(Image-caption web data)
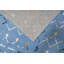 Tapis géométrique bleu-1129413723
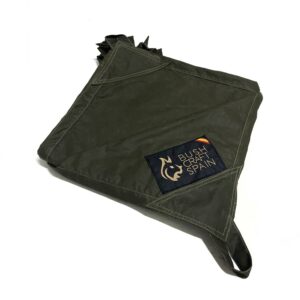 10x10ft Forest Green Oilskin Tarp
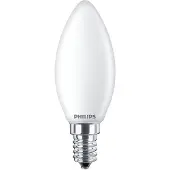 Philips 6x LED lamp E14 | Kaars B35 | Mat | 4000K | 4.3W (40W)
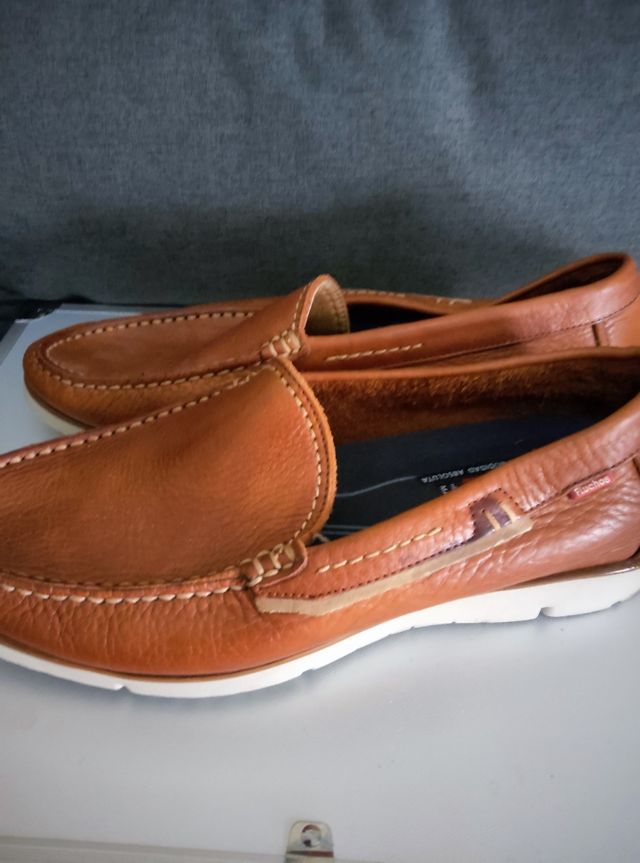 TROY F1729 Momacs Fluchos Castanhos Masculinos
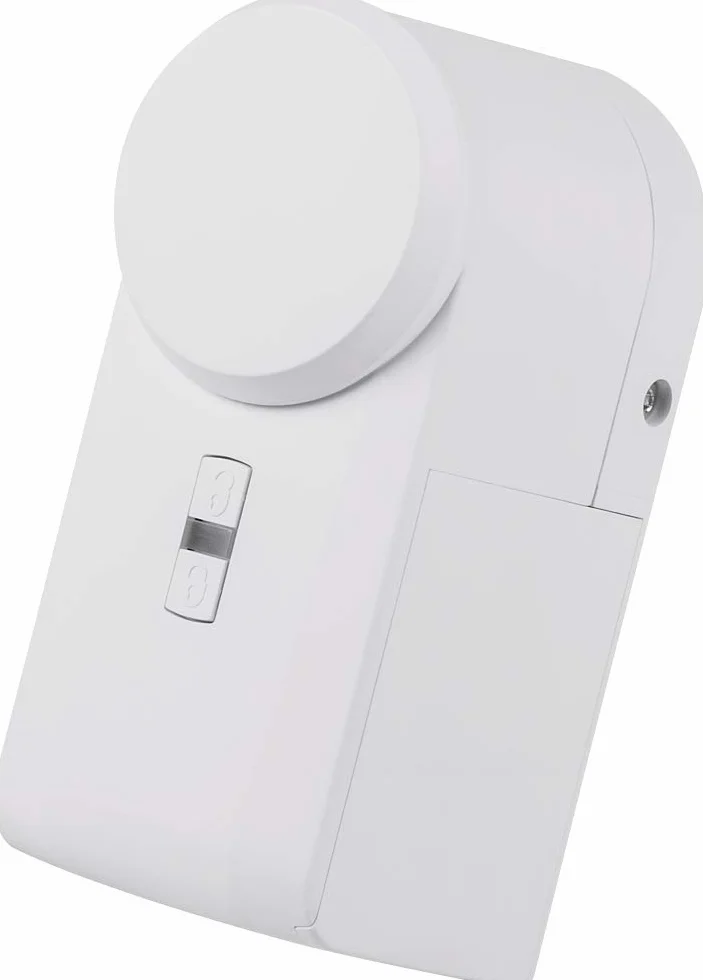 eqiva Napęd inteligentnego zamka drzwi Bluetooth, biały, 142950A0, 5,6 x 5,2 x 11,4 cm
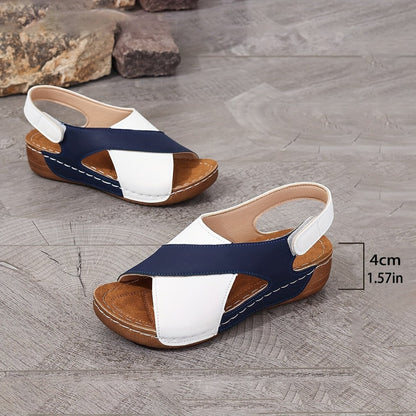 TANBARA | Color Wedge Orthopädische Sandalen für Frauen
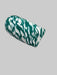Nola Glass Green & White Breaking Vessel - The Weitzman Museum Store - 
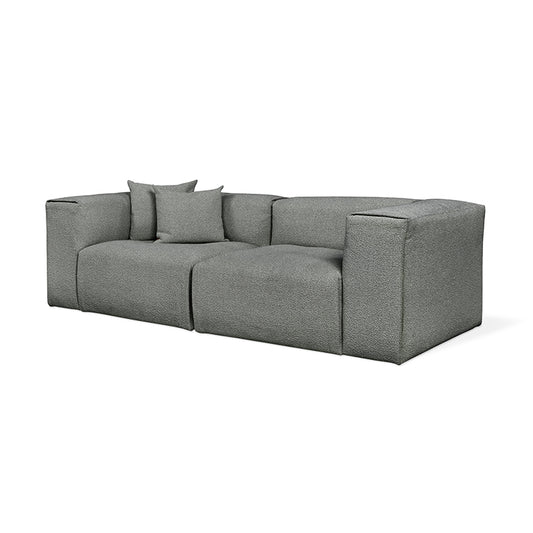 Gus* Modern NEST Morris Scoria modular 2pc sofa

**THE PROBLEM**
Omit every picture, and otherwise quote the entries exactly.

**RESPONSE TO THE EXERCISE**
 Tapis géométrique bleu-1129413723
 10x10ft Forest Green Oilskin Tarp
 Philips 6x LED lamp E14 | Kaars B35 | Mat | 4000K | 4.3W (40W)
 TROY F1729 Momacs Fluchos Castanhos Masculinos
 eqiva Napęd inteligentnego zamka drzwi Bluetooth, biały, 142950A0, 5,6 x 5,2 x 11,4 cm
 TANBARA | Color Wedge Orthopädische Sandalen für Frauen
Nola Glass Green & White Breaking Vessel - The Weitzman Museum Store - 
 Gus* Modern NEST Morris Scoria modular 2pc sofa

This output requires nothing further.